Quando lo scorso fine Settembre uscì questo disco, sponsorizzato fin dal titolo come il punto e a capo dell'ultimo capitolo in ambito (post-)dubstep, ciò che feci, in maniera istintiva, fu di dargli tre o quattro ascolti e poi accantonarlo. Questo perchè nello stesso periodo fecero capolino altre due uscite similari, e queste sì che fin dall'inizio mi diedero l'impressione di rappresentare l'ultima frontiera del mondo techno-bass: sto parlando del primo volume di Songs For Endless Cities, targato Brackles-!K7, e del vulcanico Magnetic Man di Benga, Skream e Artwork.

In maniera altrettanto naturale mi è capitato di riprendere Future Bass in questi giorni, ora che i due dischi sopra citati sono stati metabolizzati a dovere. Passate alcune settimane, l'effetto dell'hype che sovente mal dispone all'ascolto si è smaltito, e quello che ne è emerso è tutto sommato una bella proposta. La Soul Jazz Records gioca carte di grande effetto, racchiudendo in questa compilation una interessante varietà di nomi e stili diversi. Tra i pezzi da ricordare spicca ovviamente Nothing To See,l'odissea minimal house di Four Tet, che conferma qui la sua abilità nel realizzare abbaglianti giochi di prestigio con pochi, semplici elementi. E degna di nota anche la rinascita del trip-hop marchio Portishead nella ondeggiante Air dei Black Chow, in cui la glaciale voce femminile di Kiki Hitomi è orchestrata dalla mente di Kevin "The Bug" Martin.

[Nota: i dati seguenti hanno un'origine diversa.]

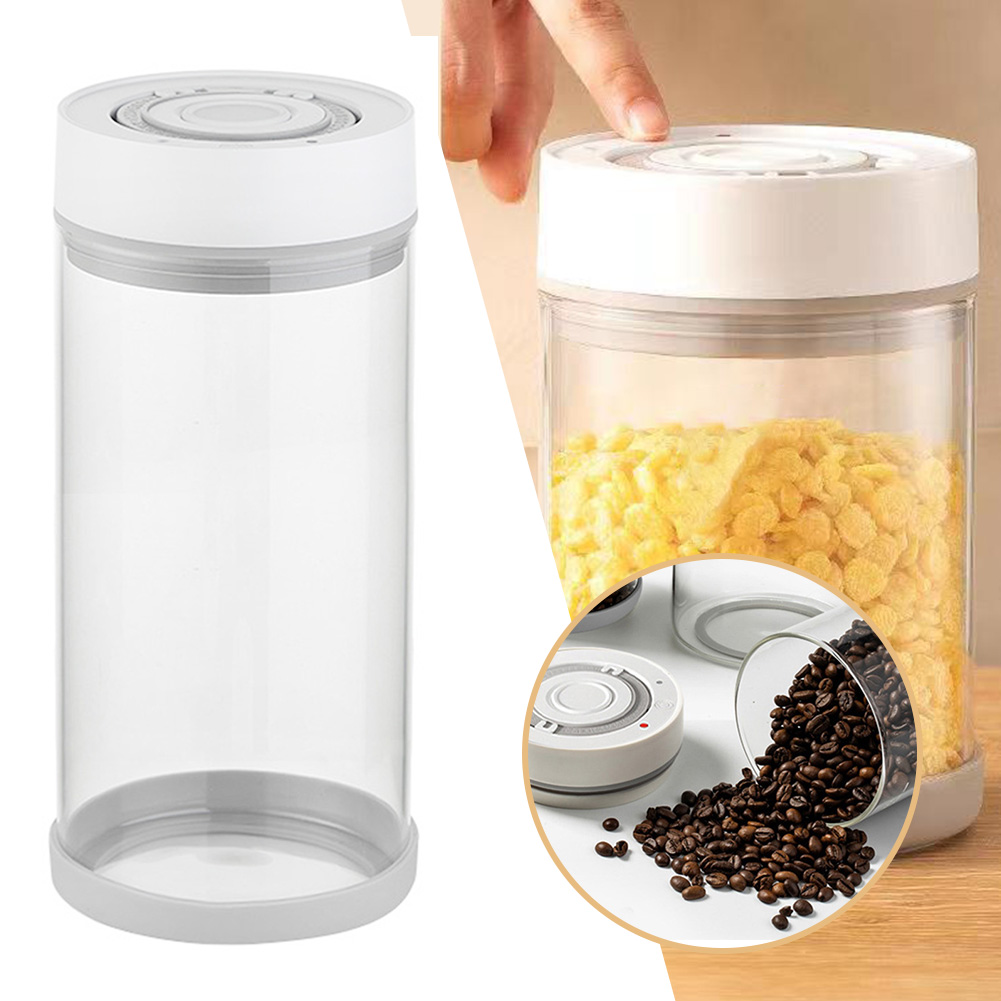 Feuchtigkeitsbeständiges Glasg – Food Storage Containers Set Bewertung und Preis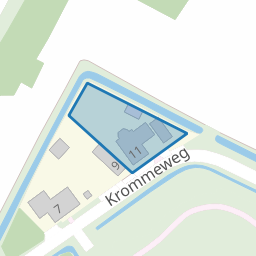 Perceel SBG02-Q-1010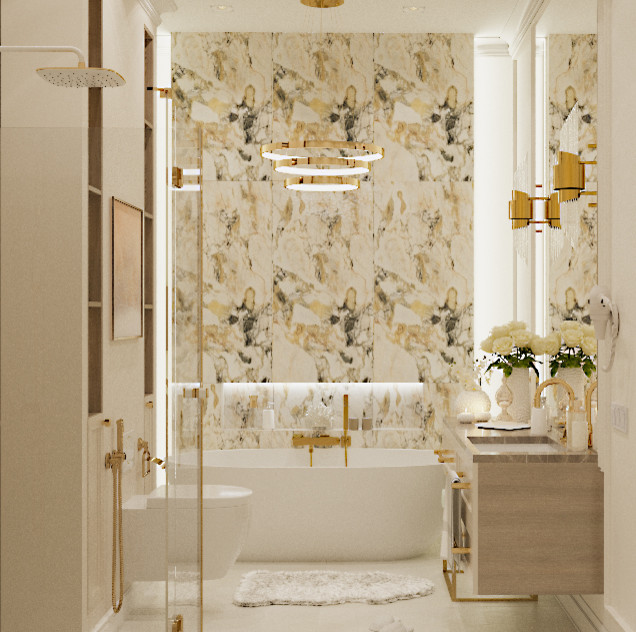 Таунхаус Москва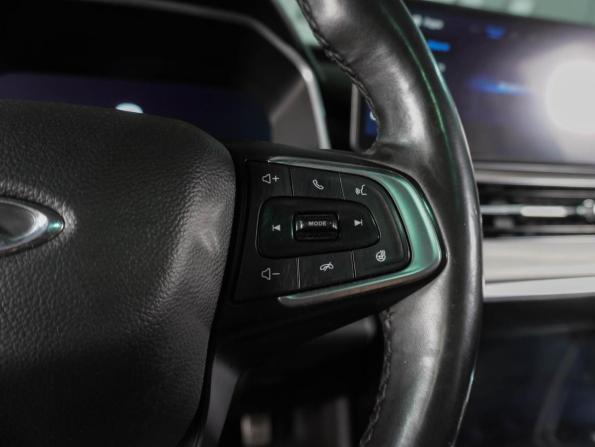 Chery Tiggo 8 Pro I с пробегом 2021 года, цена 1 899 000 рублей, 82500 км, внедорожник, Автокод Объявления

Certo, viene anche confermata l'impressione che di veramente "post-" quest'album abbia poco. Perchè se si escludono le già dette incursioni in territori stranieri, il resto suona tanto come evoluzioni dubstep di stampo classico, col proprio bagaglio di influenze techno già consolidate da Scuba (Fly Girls, Talking Shadows) e le deviazioni tipiche dello stile Skream (Ransom, Don't Let Me Go). Il suono presenta la solita, conosciuta veste oscura, sdrucita da quasi un decennio di utilizzo massiccio, e già da qualche tempo riposta negli armadi per la nuova stagione.

Ciò non esclude che sia comunque un ascolto interessante. Potremmo dire che la mossa giocata dalla Soul Jazz va nella direzione opposta a quella intrapresa dai Magnetic Man: se il trio londinese ha improvvisamente alzato le frequenze, spostandosi verso bleep, trance e pop-step, Future Bass al contrario marca in maniera energica le bassline, producendo una prospettiva strettamente deep, una discesa verso le profondità più viscerali del pianeta dubstep. Un bivio col quale adesso il fermento artistico si sta confrontando con silente attenzione, in una crescente suspence verso il primo che farà sentire la propria voce.

Le due strade hanno disegnato una netta biforcazione. Al di là del valore intrinseco dei dischi, sono state definite le principali linee-guida per il futuro. E a distanza di un paio di mesi possiamo dire che questi due macigni hanno sollevato un gran polverone. Oggi, col pulviscolo ancora davanti agli occhi, stiamo aspettando di poter vedere nuovamente qualcosa. La prossima mossa è nell'aria, e l'odore si fa sempre più forte.